It seems to me, and maybe this is just the delusion of someone who is self-educated and therefore not properly trained to give the right answers to the right job-related questions, that education should be about something more profound than the finding of a job or the building of a resume. It has to do with the opening of the mind, not the limitations of job training. It has to do, I think, ideally, with another kind of training: a training in how to reason, in how to use one's mind to the fullest extent of its capabilities. The person who has been trained to reason, who has been trained in rhetoric, who has been trained in a true study of history rather than in a mere recitation of dates, can do many things.
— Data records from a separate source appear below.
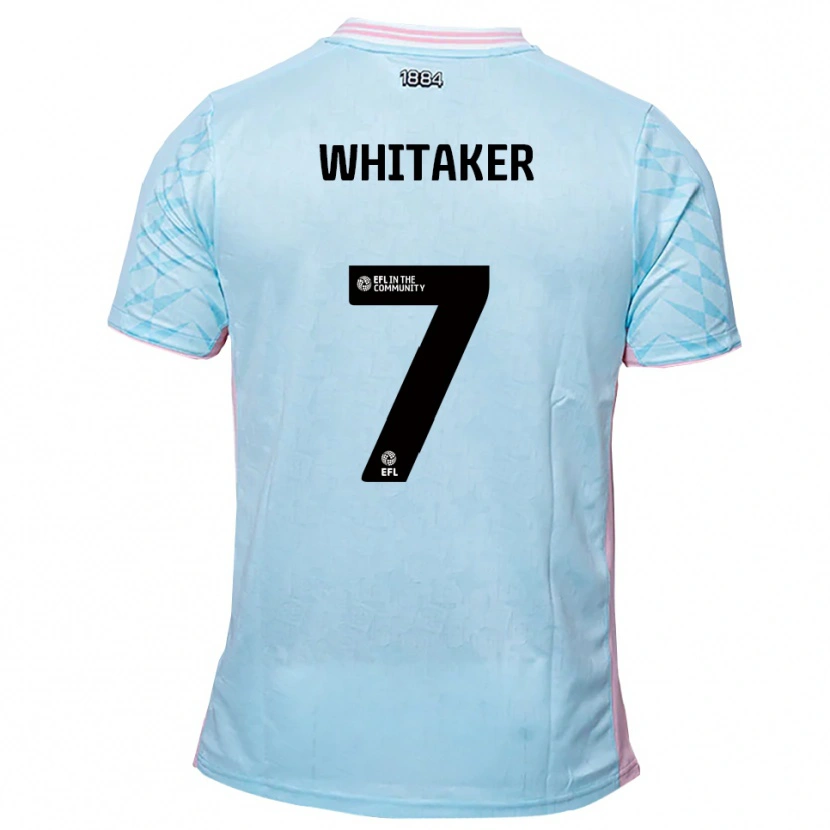 Danxen Men Charlie Whitaker #7 Sky Blue Pink Away Jersey 2025/26 T-Shirt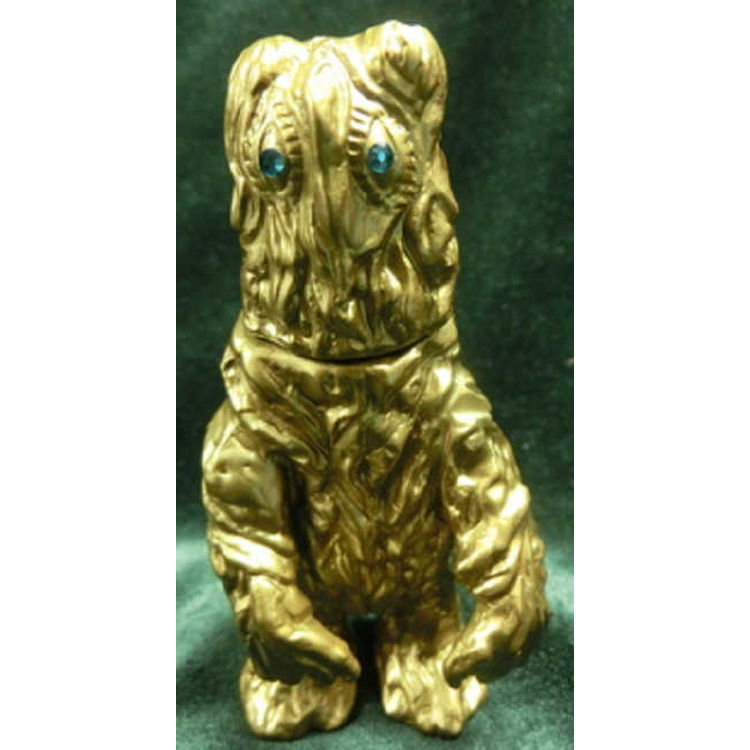 Hedorah mini size ( Gold paint ) by M1go (Yuji Nishimura)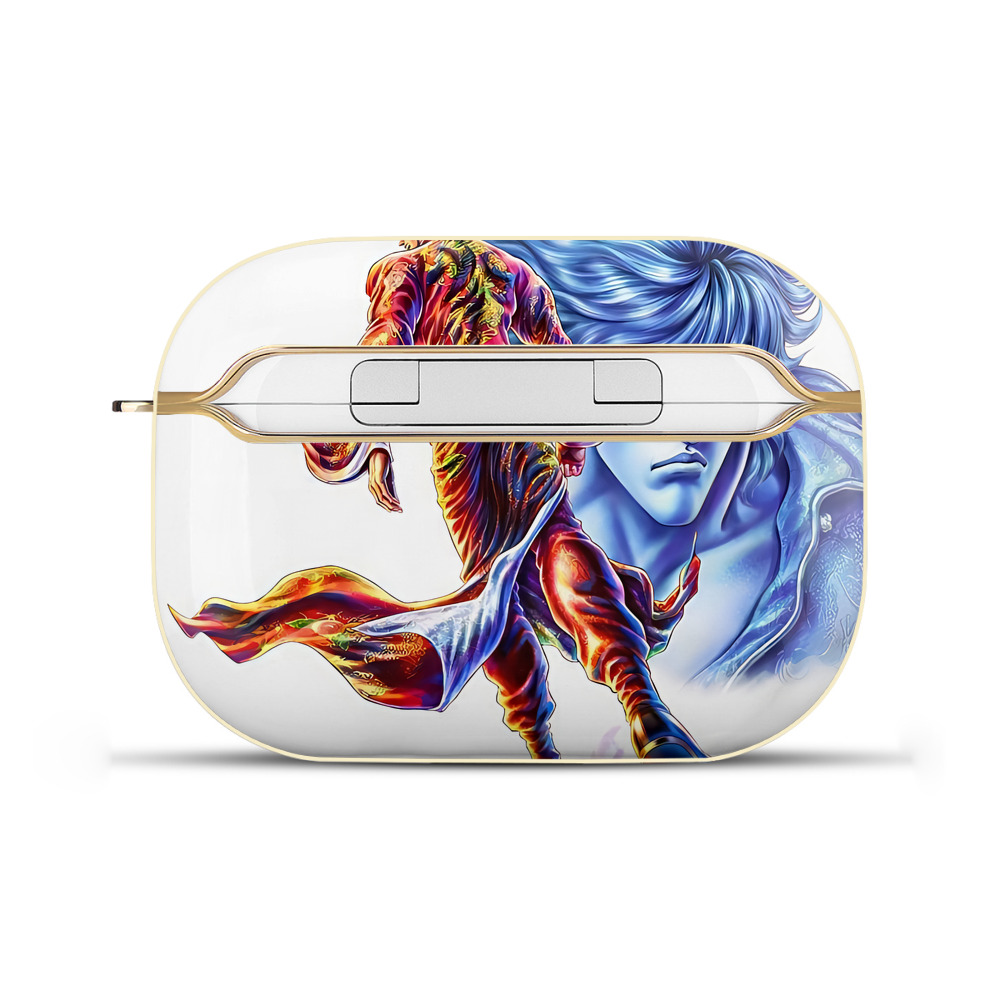 （画像用） 北斗の拳 Fist of the North Star 【AirPods Pro用】ハードシェル保護ケース｜耐衝撃・防指紋・カラビナ付き商品仕様
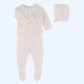 Baby Pink & White 3 Piece Set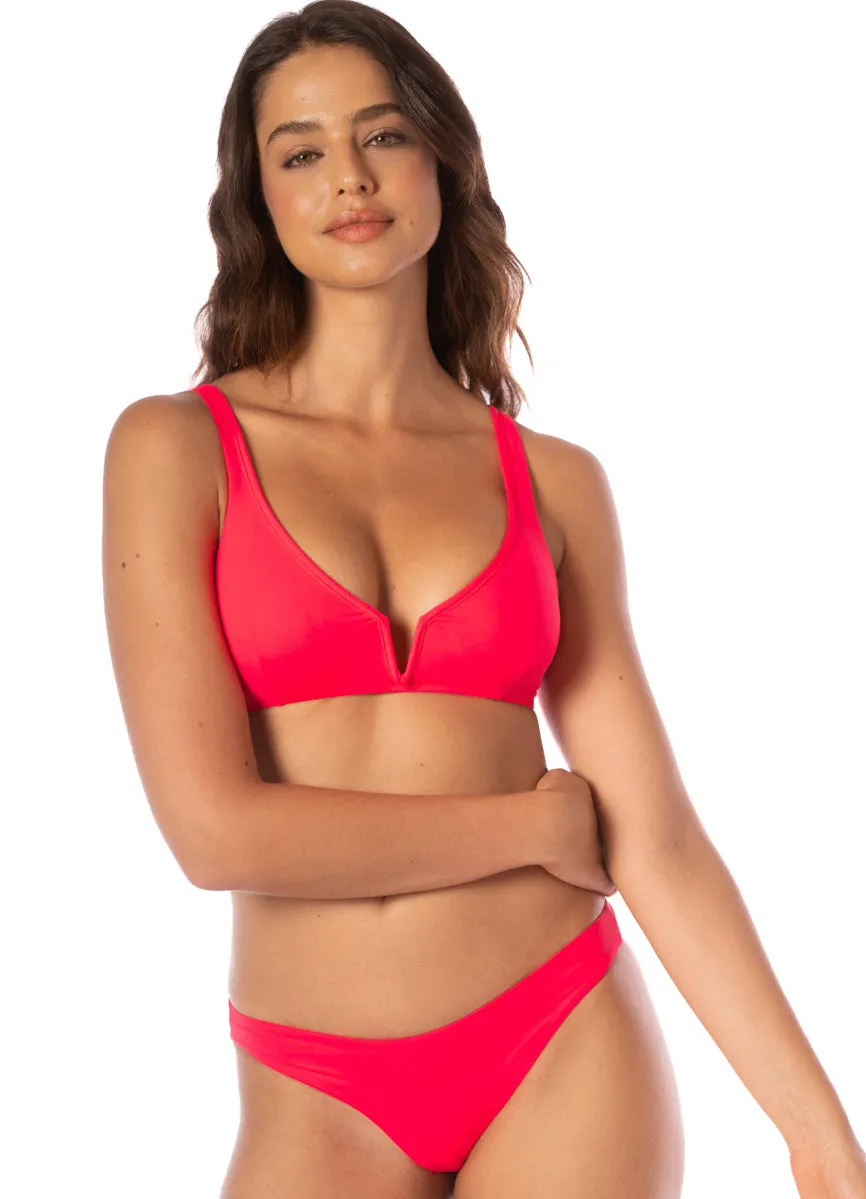 Maaji Coral Crush Victoria V Wire Bralette Bikini Top Maaji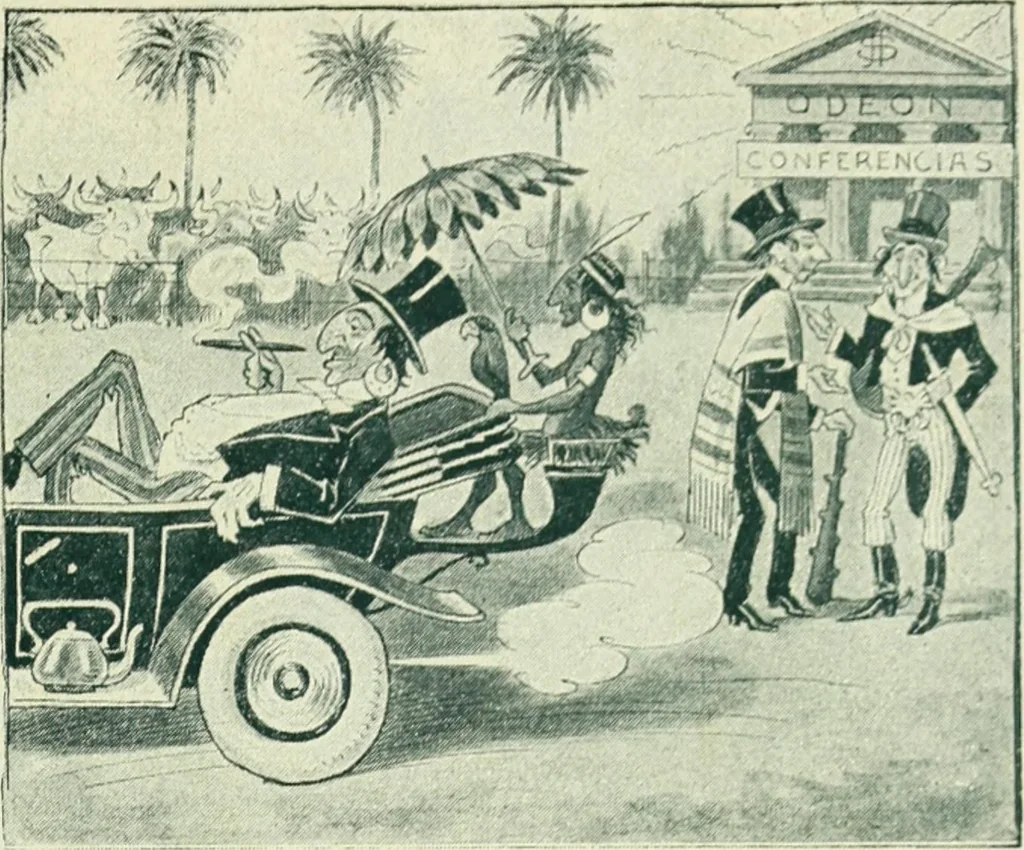 An illustration from Caras y caretas, 1898, leaf 678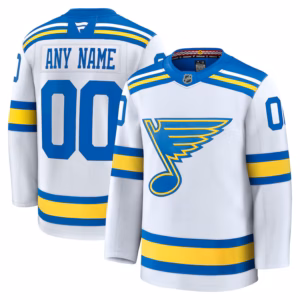 St. Louis Blues Fanatics Away Premium Custom Jersey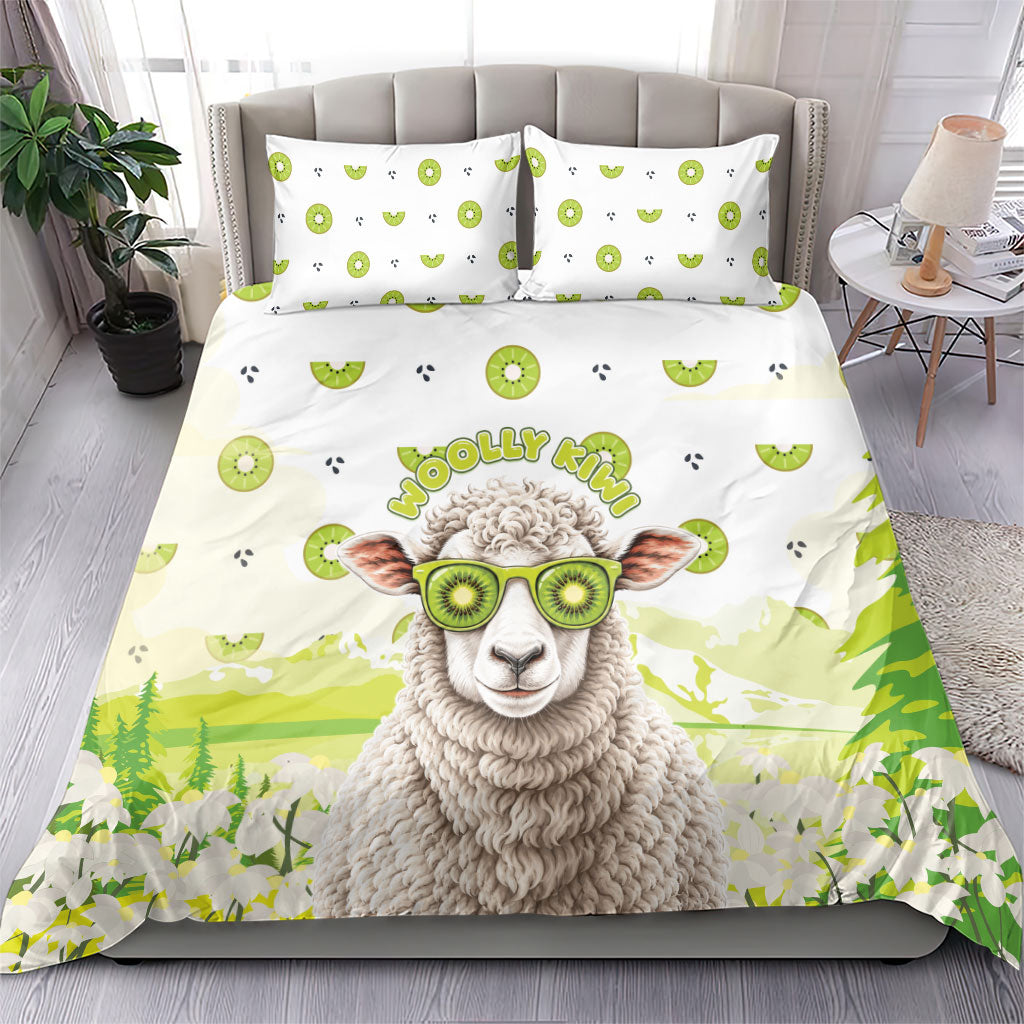 New Zealand Funny Woolly Kiwi Sheep Bedding Set LT05 - Polynesian Pride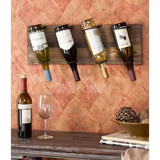 欧式简约复古壁挂实木酒架餐厅吧台挂墙悬挂红酒高脚杯特价
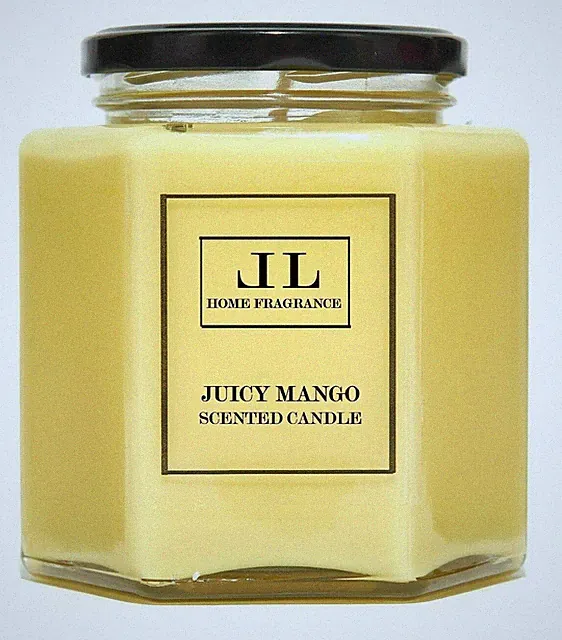 Mango Sojawachs starke vegane DUFTKERZE, natürliche fruchtige Kerze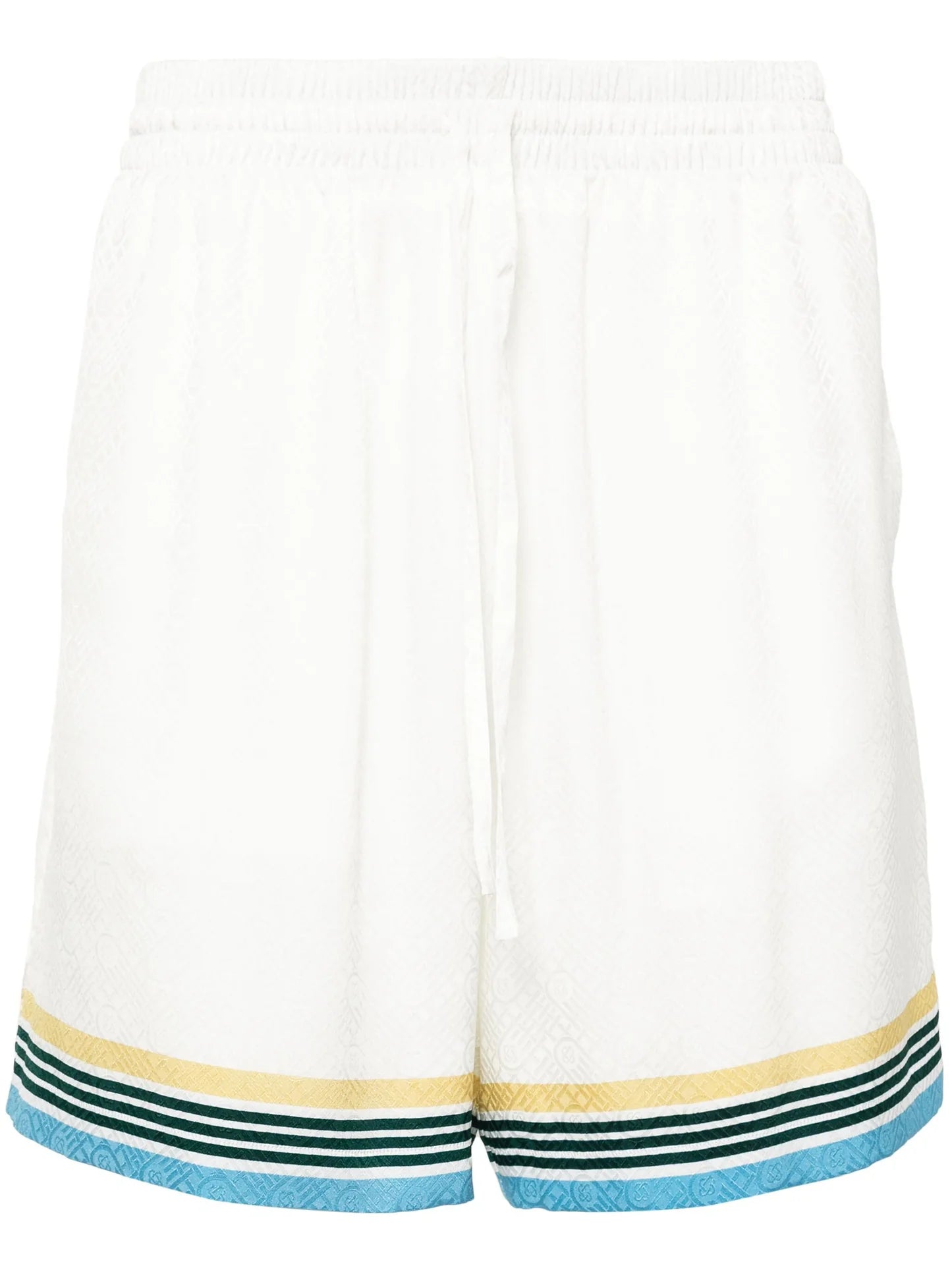 CASABLANCA SILK SHORTS WITH DRAWSTRINGS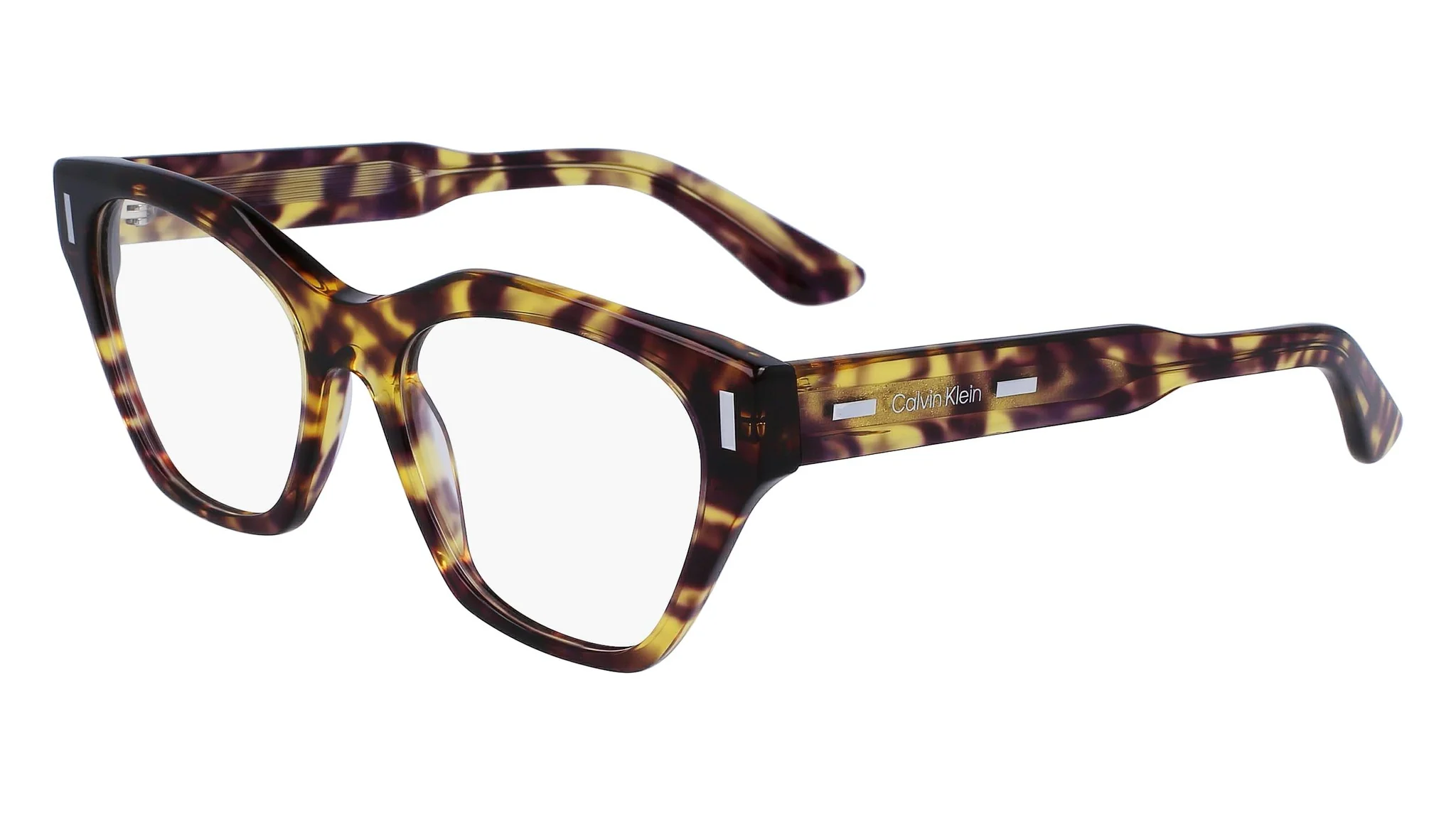 Calvin Klein CK23518 528 Eyeglasses Violet Havana 52mm Women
The person who has been trained to do a job can do just one.

However, it is not convenient for politicians to makes these assumptions, not even Good King Barack. It is in the interests of the political class to tie education to job acquisition because it is easier to rule a mob who cannot reason than it is to rule one person who can.

To view our children as merely potential workers is to view them as only potential machines. To view them as machines is to make them into objects. To make them into objects is to craft their ruin. Schools are not factories, and students are not products. We educate to ennoble; we educate to enlighten. We should educate to give each student, according to his or her abilities, the tools to deal with a complex and ever-changing society and world. We should teach them how to fish rather than train them to eat one particular kind of fish.

However, to do so takes respect. Respect for one's fellow citizens, respect for one's children, respect for one's opponents. And two things which we seem to be in short supply of these days are respect and the willingness to teach the things that people actually need to know.